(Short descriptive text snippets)
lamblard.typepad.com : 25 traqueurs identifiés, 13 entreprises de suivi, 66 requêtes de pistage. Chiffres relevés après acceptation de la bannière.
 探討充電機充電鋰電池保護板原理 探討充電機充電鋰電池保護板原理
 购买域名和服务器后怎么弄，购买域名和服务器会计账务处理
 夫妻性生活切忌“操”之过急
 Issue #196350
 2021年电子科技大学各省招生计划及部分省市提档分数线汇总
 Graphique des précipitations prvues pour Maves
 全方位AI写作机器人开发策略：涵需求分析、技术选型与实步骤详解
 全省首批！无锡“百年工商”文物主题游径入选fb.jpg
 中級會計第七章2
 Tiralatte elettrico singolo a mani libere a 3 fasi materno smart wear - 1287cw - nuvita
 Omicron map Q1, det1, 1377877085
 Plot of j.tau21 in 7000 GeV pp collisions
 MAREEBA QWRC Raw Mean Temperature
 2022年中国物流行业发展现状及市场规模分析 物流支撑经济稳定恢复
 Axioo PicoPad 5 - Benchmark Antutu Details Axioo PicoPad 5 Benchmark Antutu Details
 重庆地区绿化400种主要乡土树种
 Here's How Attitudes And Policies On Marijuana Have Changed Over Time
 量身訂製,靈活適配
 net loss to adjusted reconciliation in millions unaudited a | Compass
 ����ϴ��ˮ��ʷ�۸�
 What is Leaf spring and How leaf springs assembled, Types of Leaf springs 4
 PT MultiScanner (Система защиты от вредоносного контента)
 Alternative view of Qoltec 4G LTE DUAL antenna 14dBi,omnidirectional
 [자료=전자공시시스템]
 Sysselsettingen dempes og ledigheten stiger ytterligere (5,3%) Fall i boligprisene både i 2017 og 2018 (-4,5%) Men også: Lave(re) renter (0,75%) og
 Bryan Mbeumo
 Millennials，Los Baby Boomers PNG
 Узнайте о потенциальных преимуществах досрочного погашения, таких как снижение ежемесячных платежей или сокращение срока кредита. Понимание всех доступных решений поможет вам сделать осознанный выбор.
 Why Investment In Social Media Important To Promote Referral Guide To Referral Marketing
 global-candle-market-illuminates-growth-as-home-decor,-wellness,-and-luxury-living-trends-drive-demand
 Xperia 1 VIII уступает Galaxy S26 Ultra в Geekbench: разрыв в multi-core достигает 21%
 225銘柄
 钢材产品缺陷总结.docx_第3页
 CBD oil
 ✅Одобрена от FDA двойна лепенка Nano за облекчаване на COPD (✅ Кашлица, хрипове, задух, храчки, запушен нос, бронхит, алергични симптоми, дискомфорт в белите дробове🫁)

◆ **Aim of the task**: The answer must be an exact copy of every record above.

◆ **Response area**:
lamblard.typepad.com : 25 traqueurs identifiés, 13 entreprises de suivi, 66 requêtes de pistage. Chiffres relevés après acceptation de la bannière.
 探討充電機充電鋰電池保護板原理 探討充電機充電鋰電池保護板原理
 购买域名和服务器后怎么弄，购买域名和服务器会计账务处理
 夫妻性生活切忌“操”之过急
 Issue #196350
 2021年电子科技大学各省招生计划及部分省市提档分数线汇总
 Graphique des précipitations prvues pour Maves
 全方位AI写作机器人开发策略：涵需求分析、技术选型与实步骤详解
 全省首批！无锡“百年工商”文物主题游径入选fb.jpg
 中級會計第七章2
 Tiralatte elettrico singolo a mani libere a 3 fasi materno smart wear - 1287cw - nuvita
 Omicron map Q1, det1, 1377877085
 Plot of j.tau21 in 7000 GeV pp collisions
 MAREEBA QWRC Raw Mean Temperature
 2022年中国物流行业发展现状及市场规模分析 物流支撑经济稳定恢复
 Axioo PicoPad 5 - Benchmark Antutu Details Axioo PicoPad 5 Benchmark Antutu Details
 重庆地区绿化400种主要乡土树种
 Here's How Attitudes And Policies On Marijuana Have Changed Over Time
 量身訂製,靈活適配
 net loss to adjusted reconciliation in millions unaudited a | Compass
 ����ϴ��ˮ��ʷ�۸�
 What is Leaf spring and How leaf springs assembled, Types of Leaf springs 4
 PT MultiScanner (Система защиты от вредоносного контента)
 Alternative view of Qoltec 4G LTE DUAL antenna 14dBi,omnidirectional
 [자료=전자공시시스템]
 Sysselsettingen dempes og ledigheten stiger ytterligere (5,3%) Fall i boligprisene både i 2017 og 2018 (-4,5%) Men også: Lave(re) renter (0,75%) og
 Bryan Mbeumo
 Millennials，Los Baby Boomers PNG
 Узнайте о потенциальных преимуществах досрочного погашения, таких как снижение ежемесячных платежей или сокращение срока кредита. Понимание всех доступных решений поможет вам сделать осознанный выбор.
 Why Investment In Social Media Important To Promote Referral Guide To Referral Marketing
 global-candle-market-illuminates-growth-as-home-decor,-wellness,-and-luxury-living-trends-drive-demand
 Xperia 1 VIII уступает Galaxy S26 Ultra в Geekbench: разрыв в multi-core достигает 21%
 225銘柄
 钢材产品缺陷总结.docx_第3页
 CBD oil
 ✅Одобрена от FDA двойна лепенка Nano за облекчаване на COPD (✅ Кашлица, хрипове, задух, храчки, запушен нос, бронхит, алергични симптоми, дискомфорт в белите дробове🫁)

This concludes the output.